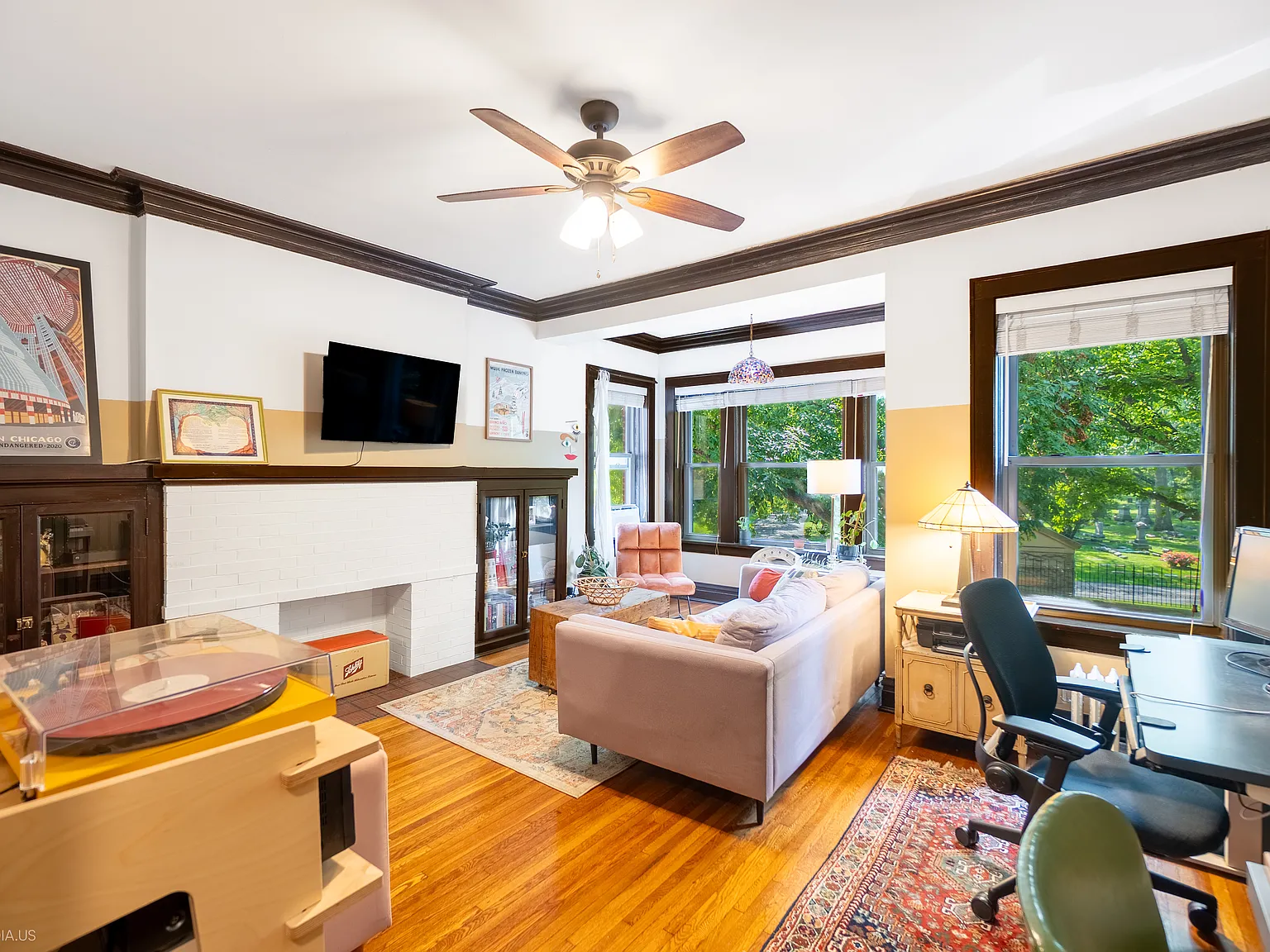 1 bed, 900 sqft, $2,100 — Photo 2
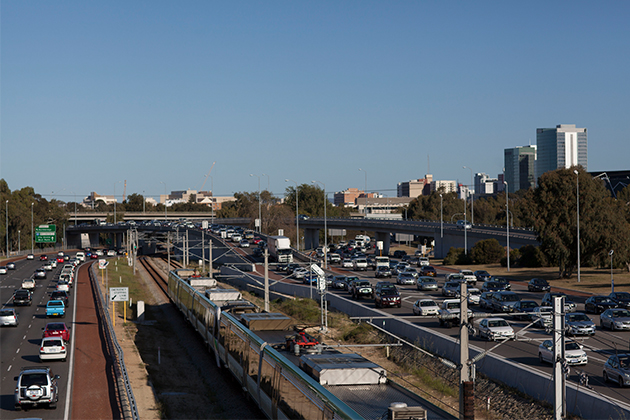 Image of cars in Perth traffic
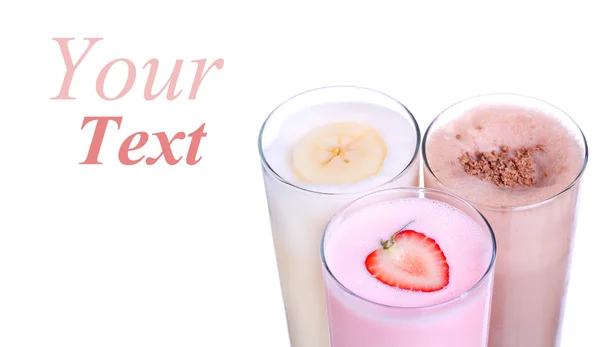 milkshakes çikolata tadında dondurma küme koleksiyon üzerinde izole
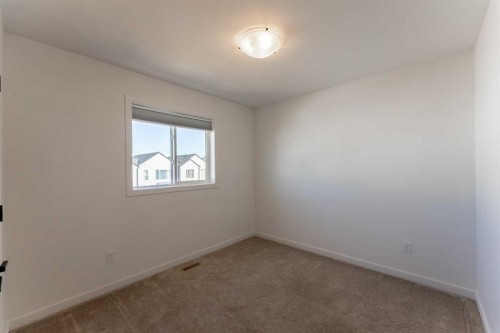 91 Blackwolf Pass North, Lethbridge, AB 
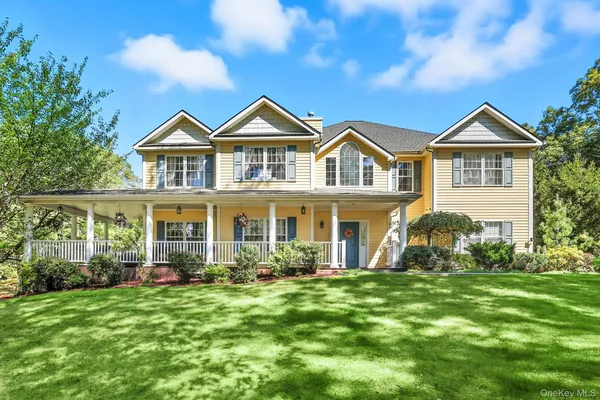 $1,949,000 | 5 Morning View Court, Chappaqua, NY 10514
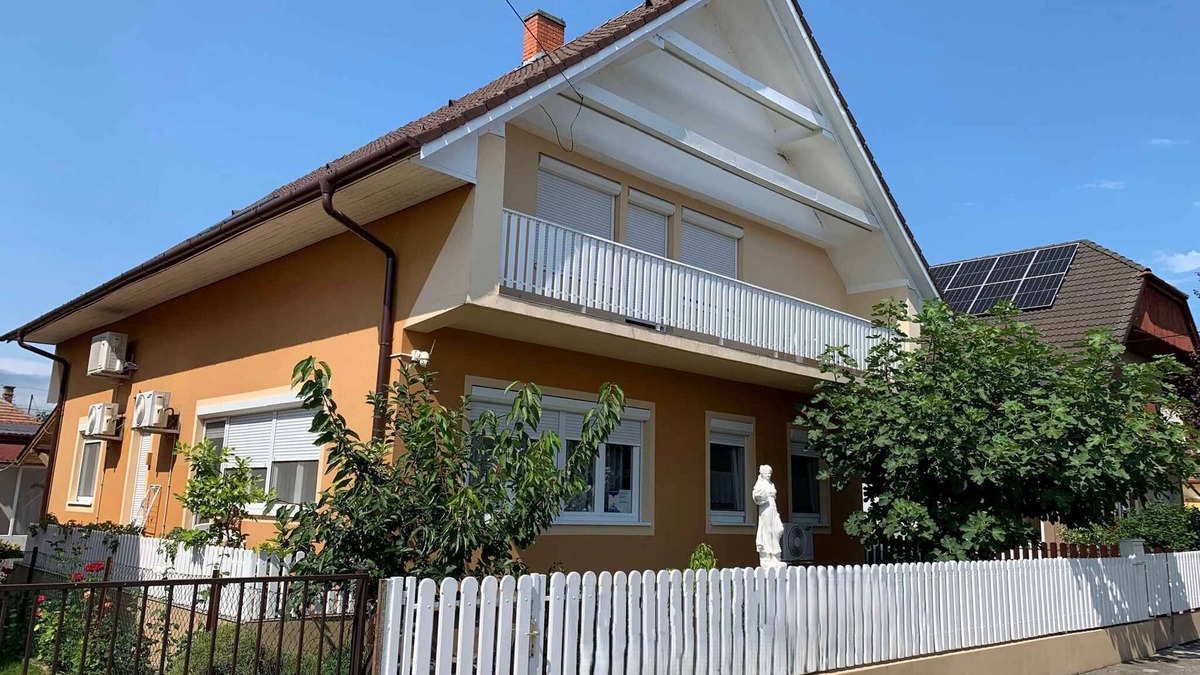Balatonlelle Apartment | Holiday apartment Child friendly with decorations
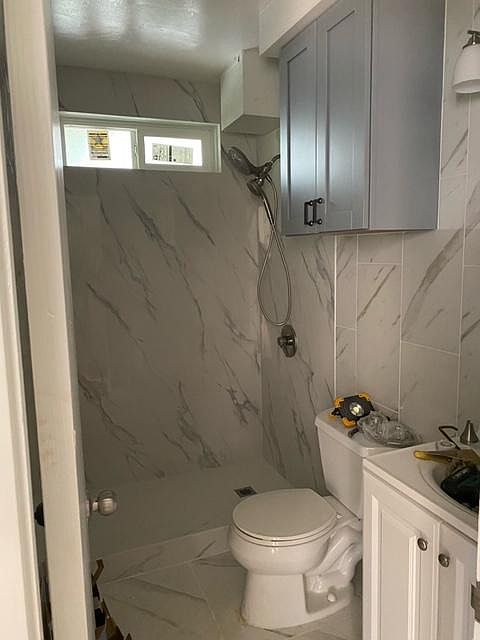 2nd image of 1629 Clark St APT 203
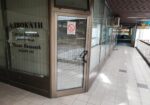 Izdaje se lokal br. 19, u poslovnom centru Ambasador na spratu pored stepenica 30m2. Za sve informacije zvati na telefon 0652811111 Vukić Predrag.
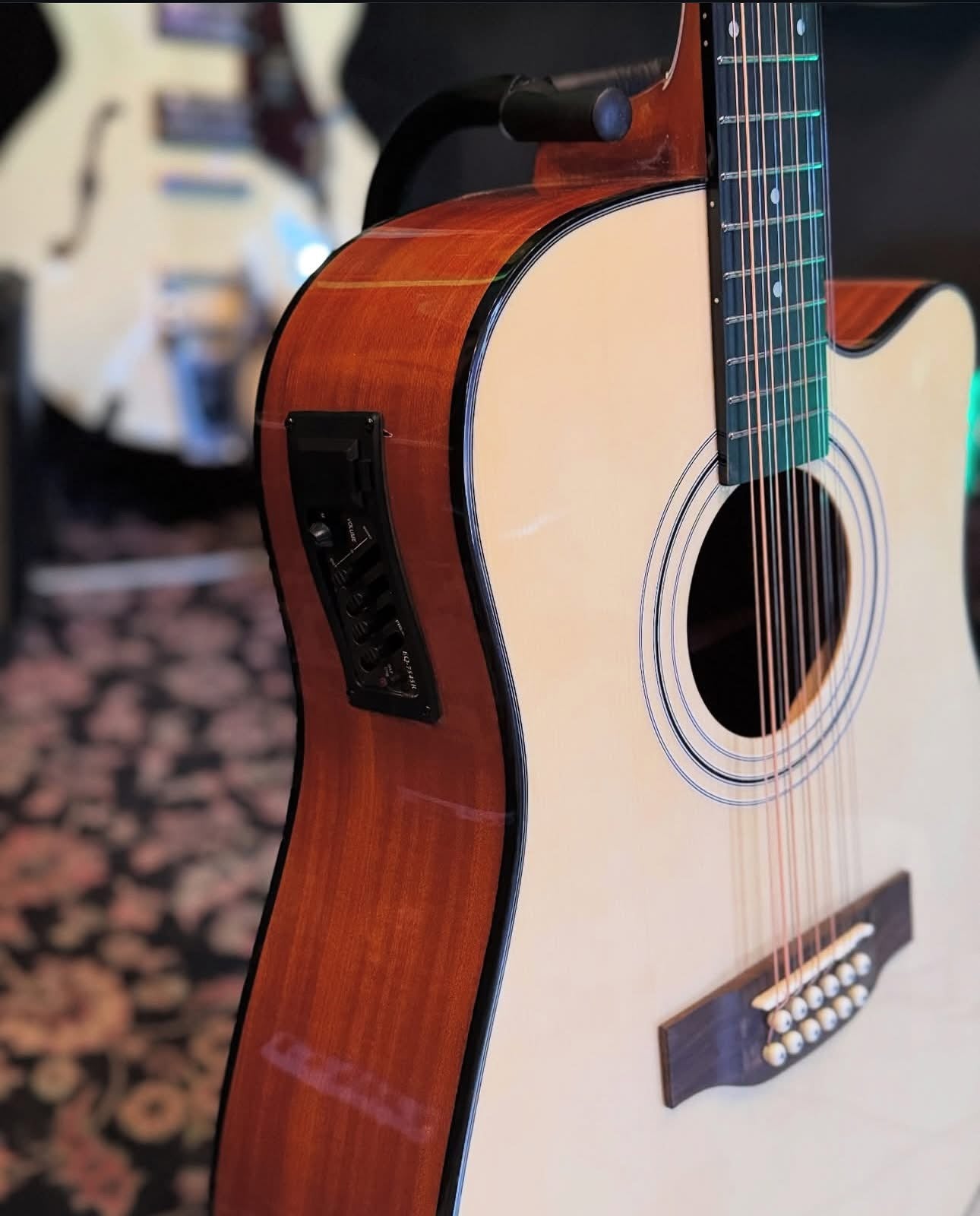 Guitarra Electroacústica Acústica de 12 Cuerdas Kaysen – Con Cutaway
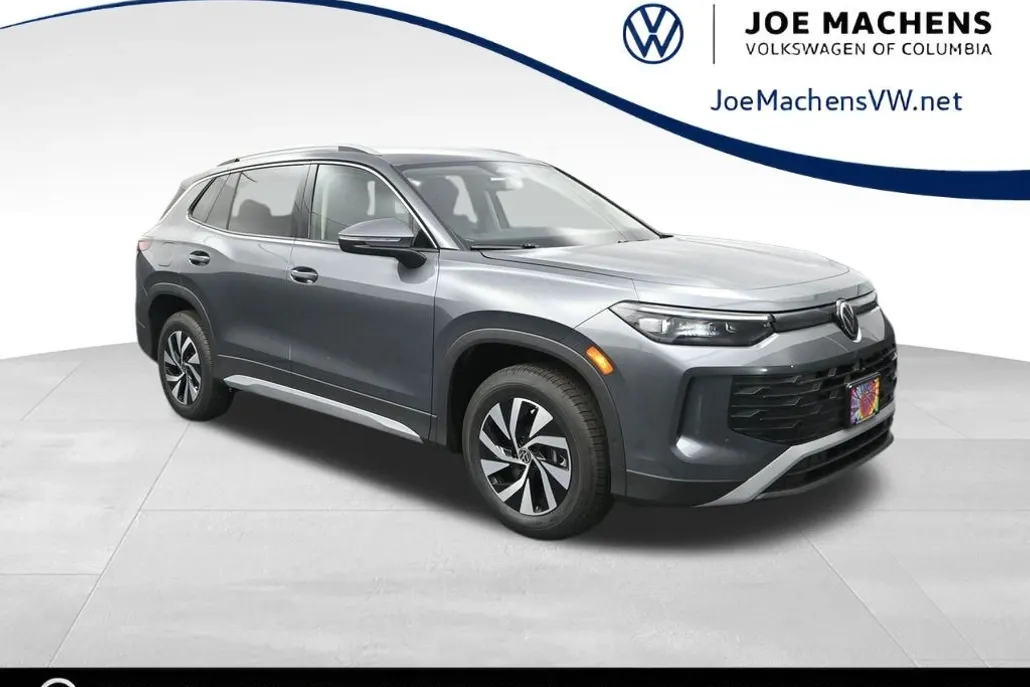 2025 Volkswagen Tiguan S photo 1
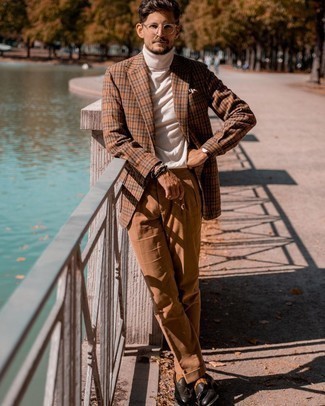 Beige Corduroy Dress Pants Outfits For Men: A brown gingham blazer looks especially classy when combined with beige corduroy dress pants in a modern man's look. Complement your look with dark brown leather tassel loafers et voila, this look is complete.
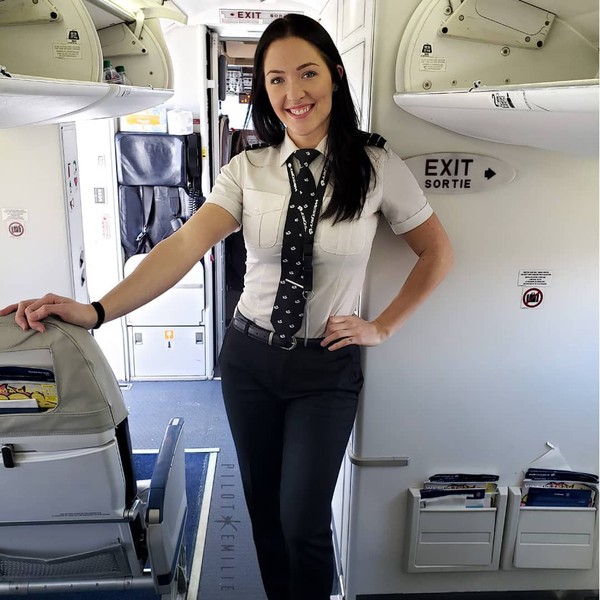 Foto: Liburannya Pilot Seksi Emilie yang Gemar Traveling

WHAT YOU SHOULD DO: Each entry above should be printed exactly, and any picture in it left out.

YOUR SOLUTION:
 1 bed, 900 sqft, $2,100 — Photo 2
 Image of cars in Perth traffic
 milkshakes çikolata tadında dondurma küme koleksiyon üzerinde izole
 91 Blackwolf Pass North, Lethbridge, AB 
 $1,949,000 | 5 Morning View Court, Chappaqua, NY 10514
Balatonlelle Apartment | Holiday apartment Child friendly with decorations
 2nd image of 1629 Clark St APT 203
 Izdaje se lokal br. 19, u poslovnom centru Ambasador na spratu pored stepenica 30m2. Za sve informacije zvati na telefon 0652811111 Vukić Predrag.
 Guitarra Electroacústica Acústica de 12 Cuerdas Kaysen – Con Cutaway
 2025 Volkswagen Tiguan S photo 1
 Beige Corduroy Dress Pants Outfits For Men: A brown gingham blazer looks especially classy when combined with beige corduroy dress pants in a modern man's look. Complement your look with dark brown leather tassel loafers et voila, this look is complete.
 Foto: Liburannya Pilot Seksi Emilie yang Gemar Traveling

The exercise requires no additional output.